Cookies are used by almost all websites, for a variety of purposes:
- Analysis of visitor behaviour (known as ‘analytics’)
- To track people across websites and deliver targeted advertising
- To personalise pages and remember visitor preferences.
- To manage shopping carts in online stores
Website owners were given 12 months to comply and that period ends 26 May 2012.
– Is my website affected?
If your website uses first party cookies i.e those necessary for it’s functioning e.g. for managing shopping cart content then your website is not affected but may be affected for another reason, please read on.
If your website is using third party cookies i.e. those provided by another website for purposes not directly related to the functoning of your website e.g. for analytics, targetted advertising etc then you are affected.
– What does the EC privacy directive (EU Cookie Law) require?
– My site uses 3rd party cookies for tracking visitors for stats puposes, am I affected?
This is where it all gets a bit vague. Our current understanding is that the directive refers to tracking users across sites and so the use of first party cookies for a websites owners own statistical use would not be affected.

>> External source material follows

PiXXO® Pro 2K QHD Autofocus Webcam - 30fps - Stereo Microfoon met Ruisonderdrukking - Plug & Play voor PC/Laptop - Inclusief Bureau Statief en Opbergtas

However, some stats systems use their cookies for more than just providing website owners with visitor stats, they also aggregate these stats for the benefit of 3rd parties so are presumably not allowed.
Google states that it’s Analytics uses first party cookies only so is not affected.
– My site includes Facebook, Twitter, Youtube video, Google Maps etc, am I affected?
All these 3rd party services are known to set and retrieve cookies for purposes of tracking movements across sites for either purposes of gathering data for sale to 3rd parties or to serve personalised advertisements. Of course a website owner could argue that embedding a YouTube video is integral to their website’s operation but perhaps could not argue the same for a Facebook like button.
– What the law means for website owners
There are a few steps to go through in order to achieve compliance with the law:
- You must include a mechanism for obtaining consent before any cookies are stored (with one or two exceptions for things like load balancers and shopping carts that are deemed “strictly necessary”)
- You must make any technical changes to cookie-storing scripts in order to test for consent before a cookie is stored.
In practical terms it means you need to avoid using cookies or deploying third party software that uses them except where it is essential for the purpose making your website work. This is because as soon as explicit consent is required, users may refuse that consent.
– How can we help?
The above information is provided as a courtesy to businesses whose domains we host. It is our interpretation of this new EU directive and we do not accept any liability for the accuracy of this informaton. As a website owner you are responsible for understanding how the directive affects you and to take the necessary steps to comply with the directive.